Colorado State University, USA
Delphine Farmer received her BSc in Chemistry from McGill University before her MS in Environmental Science, Policy and Management and her PhD in Chemistry from the University of California at Berkeley. She held a NOAA Climate and Global Change Postdoctoral Fellowship at the University of Colorado at Boulder before joining that faculty in the Department of Chemistry at Colorado State University. Her work focuses on the development of new analytical techniques to study human influences on atmospheric chemistry and biosphere-atmosphere exchange of reactive trace gases and particles. Delphine received a Hermann Frasch Foundation Award in 2012 and an Arnold and Mabel Beckman Young Investigator Award in 2013
Fudan University, China
Dr. Weihua Song is currently a full professor of Department of Environmental Science and Engineering at Fudan University. He received a B.S. in Environmental Chemistry and M.S. in Environmental Engineering from Nanjing University in 1999 and 2002. He completed his Ph.D. with Professor Kevin E. O’Shea at Florida International University in 2006. He was a postdoctoral fellow, working with Prof. William J. Cooper at University of California, Irvine from 2007 to 2010. His research interests are in the area of Environmental Chemistry. Particularly, he focuses on the occurrence, transformation, and fate of emerging contaminants in aqueous environments.
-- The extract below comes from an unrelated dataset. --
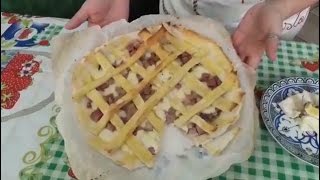 CROSTATA SALATA DI TRAMEZZINO croccante e succulenta [upl. by Drehcir]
Swiss Federal Institute of Aquatic Science and Technology, Eawag
Lenny Winkel is an Associate Professor of Inorganic Environmental Geochemistry at ETH Zurich and Eawag, the Swiss Federal Institute of Aquatic Science and Technology. She did her undergraduate studies in Geology at Utrecht University in the Netherlands and obtained her Ph.D. in Geochemistry in 2006 from ETH Zurich. Dr. Winkel then did her postdoctoral research at Eawag as well as at the University of Grenoble (France), University of Aberdeen (UK) and the Technical University of Crete (Greece) in the frame of an EU-funded research project. Her postdoctoral research focused on broad-scale predictions of arsenic in groundwater and environmental transformations of trace element species. In 2011, she was awarded a Swiss National Science Foundation (SNSF) Professorship for her project investigating the global biogeochemical cycle of selenium. Her current research is aimed at understanding the processes controlling the biogeochemical cycling and environmental distribution of trace elements, and the effects of climate and environmental changes on these processes, through modelling, field and laboratory studies. A further focal point is the development of novel analytical methods to quantitatively and qualitatively analyze trace elements in different environmental matrices.
York University, Canada
Cora Young is an Associate Professor and Guy Warwick Rogers Chair in Chemistry at York University. Dr. Young’s research team focuses on the development and use of state-of-the-science analytical techniques to probe chemical mechanisms relevant to indoor and outdoor air quality, pollutant fate and transport, as well as climate change. She completed her BSc and PhD in chemistry at the University of Toronto, followed by a postdoctoral fellowship at the National Oceanic and Atmospheric Administration (NOAA) in Boulder, Colorado. She began her independent career as a faculty member at Memorial University in 2012, before moving to York University in 2017.